Review: Em and the Big Hoom || Jerry Pinto

Author: Jerry Pinto
Genre: Contemporary/Literary fiction
No. of Pages: 240
Publisher/Imprint: Aleph book company
Published on: February 12, 2013
My Rating : ★★★★★/5 (5)
Format in which I read: Paperback

Set in Bombay during the last decades of the twentieth century, Em and The Big Hoom tells the compelling story of the Mendeses mother, father, daughter and son. Between Em, the beedi – smoking, hyperactive mother, driven frequently to hospital by her mania and failed suicide attempts, and The Big Hoom, the rock-solid, dependable father, trying to hold things together as best he can, they are an extraordinary family.

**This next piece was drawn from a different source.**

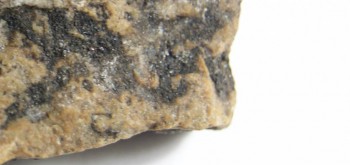 2017-03-24 19-46-58 (8).JPG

Filled with endearing and eccentric characters, and marked by sparkling dialogue and restrained emotion, this is one of the most powerful and moving novels to be published in India in a long time. 

Review

If I had to describe this book in the barest sense, I’d say this is an account of the life of a family where the lady of the household is severely mentally ill, presented through lush writing, which is a delight to read; but then I wouldn’t be doing justice to the book by saying just that because Em and the Big Hoom was so much more.

Narrated through the eyes of the son who remains unnamed, this account comprises, not just of his own memories and experiences with Imelda aka Em but we also get glimpses of Em and Augustine – The Big Hoom’s life before they were married and before she was afflicted by her illness (which is not pinpointed but rather hinted at to be a cocktail of post-partum depression/manic depression/Bipolar disorder and/or schizophrenia). Letting the reader in on Em’s past was a brilliant touch, because the Em we get to see in the present is depressed, suicidal, manic, witty in a caustic, corrosive way, mean, and just plain nasty. She swears in front her children, she says the damndest things, things you wouldn’t expect to hear from a middle-aged, Roman Catholic mother of two. You don’t know which part of it is her and which part is her illness. I thought the fact that we see the narrator also struggling to differentiate his mother from her illness at several instances was important.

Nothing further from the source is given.